D’un lecteur:
A. Des prises de position telles que celle qui suit, vous en trouvez plusieurs centaines, dans la pensée et dans les propos des papes néo-catholiques post-conciliaires.
B. “A juste titre, les Pères de l’Eglise voyaient dans les diverses religions comme autant de reflets d’une unique vérité, comme des «semences du Verbe» témoignant que l’aspiration la plus profonde de l’esprit humain est tournée, malgré la diversité des chemins, vers une direction unique, en s’exprimant dans la recherche de Dieu et, en même temps, par l’intermédiaire de la tension vers Dieu, dans la recherche de la dimension totale de l’humanité, c’est-à-dire du sens plénier de la vie humaine.” (Lettre encyclique Redemptor hominis de Jean-Paul II, datée du 4 mars 1979)

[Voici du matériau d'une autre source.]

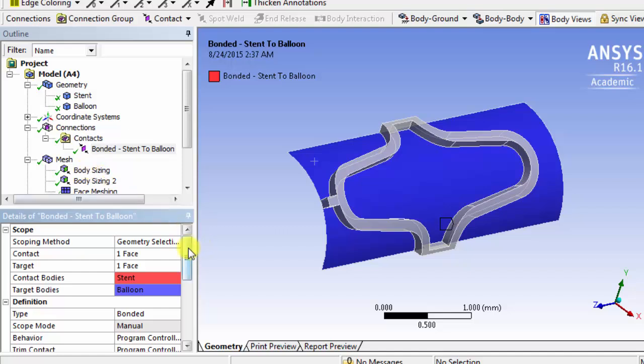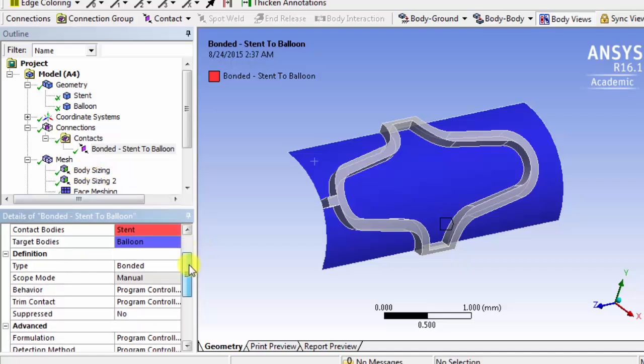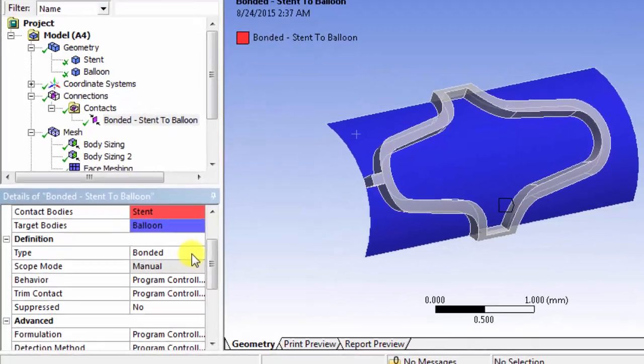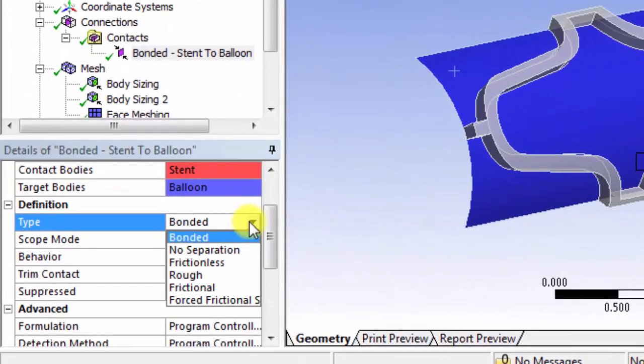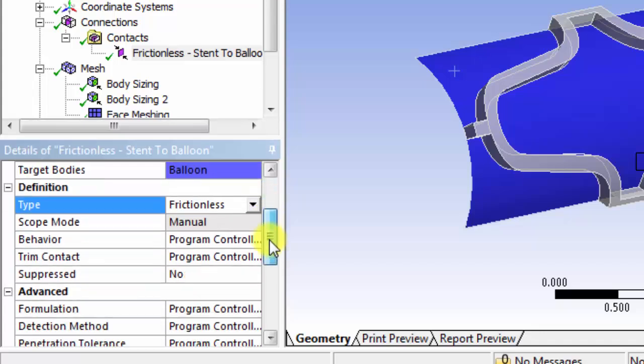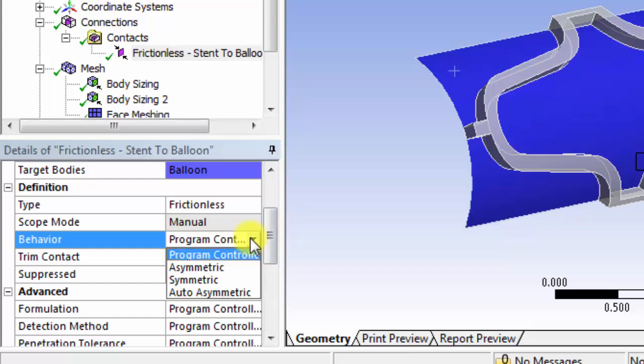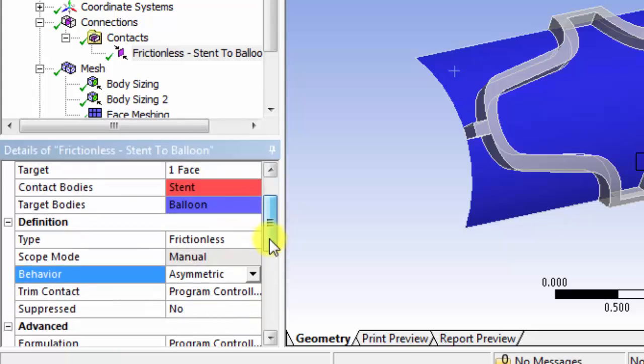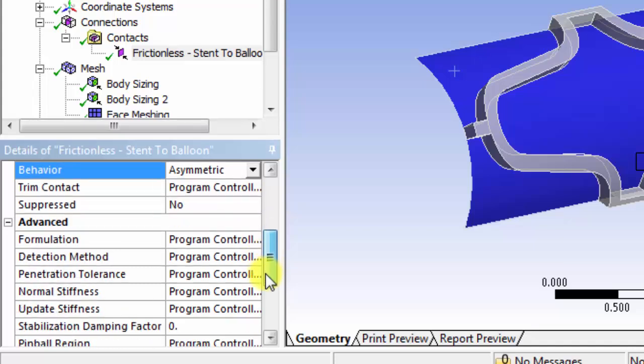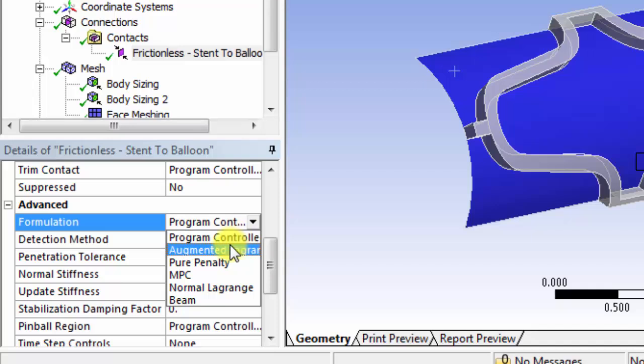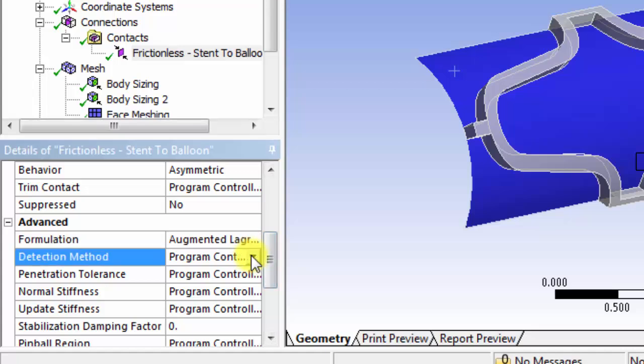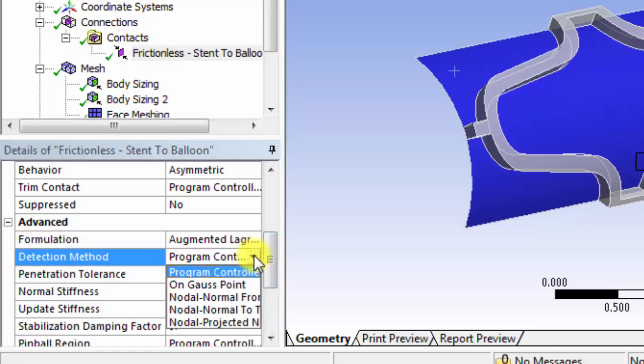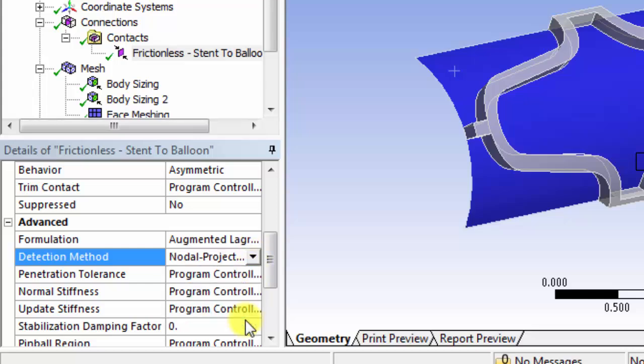Next, we'll define the type of contact that this is. So the type will go from bonded to frictionless. We'll say that the behavior is asymmetric. Under formulation, detection, we'll select augmented Lagrange. Detection method will be nodal projected normal from contact.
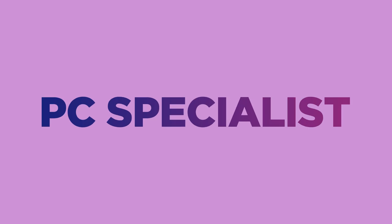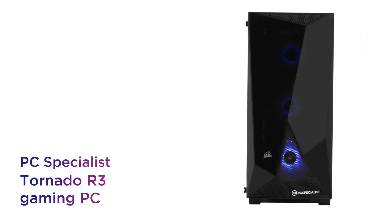Whether you're taking the field, hitting the track or storming the battlefield, you get the same effortless experience from this PC Specialist gaming PC.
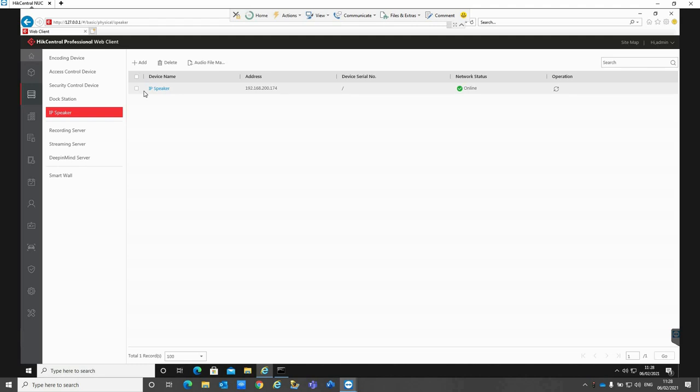Now there's a few different functions that you can do with the Hikvision IP speaker through Hikcentral. You can have live audio through the control clients on PCs. You can also schedule pre-recorded messages to play at certain intervals, so this could be used for class changes or anything like that in schools and colleges. You can also have events set up where it will play a pre-recorded message depending on the event that has been configured.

C. Or, il est nécessaire de le préciser ou de le rappeler, de telle prises de position sont erronées, sinon mensongères. Elles attribuent à Saint Justin et à Clément d’Alexandrie une appréciation positive, sur les religions non chrétiennes, qui est, en réalité, une appréciation positive sur la philosophie grecque, comme on s’en rend compte ici, grâce à ces paragraphes, écrits par Benoît XVI :
D 1. ” Ces deux œuvres – les deux Apologies et le Dialogue avec le Juif Tryphon – sont les seules qui nous restent de lui. Dans celles-ci, Justin entend illustrer avant tout le projet divin de la création et du salut qui s’accomplit en Jésus Christ, le Logos, c’est-à-dire le Verbe éternel, la raison éternelle, la Raison créatrice. Chaque homme, en tant que créature rationnelle, participe au Logos, porte en lui le “germe” et peut accueillir les lumières de la vérité. Ainsi, le même Logos, qui s’est révélé comme dans une figure prophétique aux juifs dans la Loi antique, s’est manifesté partiellement, comme dans des “germes de vérité”, également dans la philosophie grecque. A présent, conclut Justin, étant donné que le christianisme est la manifestation historique et personnelle du Logos dans sa totalité, il en découle que “tout ce qui a été exprimé de beau par quiconque, nous appartient à nous chrétiens” (2 Apol. 13, 4). De cette façon, Justin, tout en contestant les contradictions de la philosophie grecque, oriente de façon décidée vers le Logos toute vérité philosophique, en justifiant d’un point de vue rationnel la “prétention” de vérité et d’universalité de la religion chrétienne. Si l’Ancien Testament tend au Christ comme la figure oriente vers la réalité signifiée, la philosophie grecque vise elle aussi au Christ et à l’Evangile, comme la partie tend à s’unir au tout. Et il dit que ces deux réalités, l’Ancien Testament et la philosophie grecque, sont comme les deux voies qui mènent au Christ, au Logos. Voilà pourquoi la philosophie grecque ne peut s’opposer à la vérité évangélique, et les chrétiens peuvent y puiser avec confiance, comme à un bien propre. C’est pourquoi mon vénéré prédécesseur, le Pape Jean-Paul II, définit Justin comme “pionnier d’une rencontre fructueuse avec la pensée philosophique, même marquée par un discernement prudent”, car Justin, “tout en conservant même après sa conversion, une grande estime pour la philosophie grecque, […] affirmait avec force et clarté qu’il avait trouvé dans le christianisme “la seule philosophie sûre et profitable” (Dialogue, 8, 1)” (Fides et ratio, n. 38).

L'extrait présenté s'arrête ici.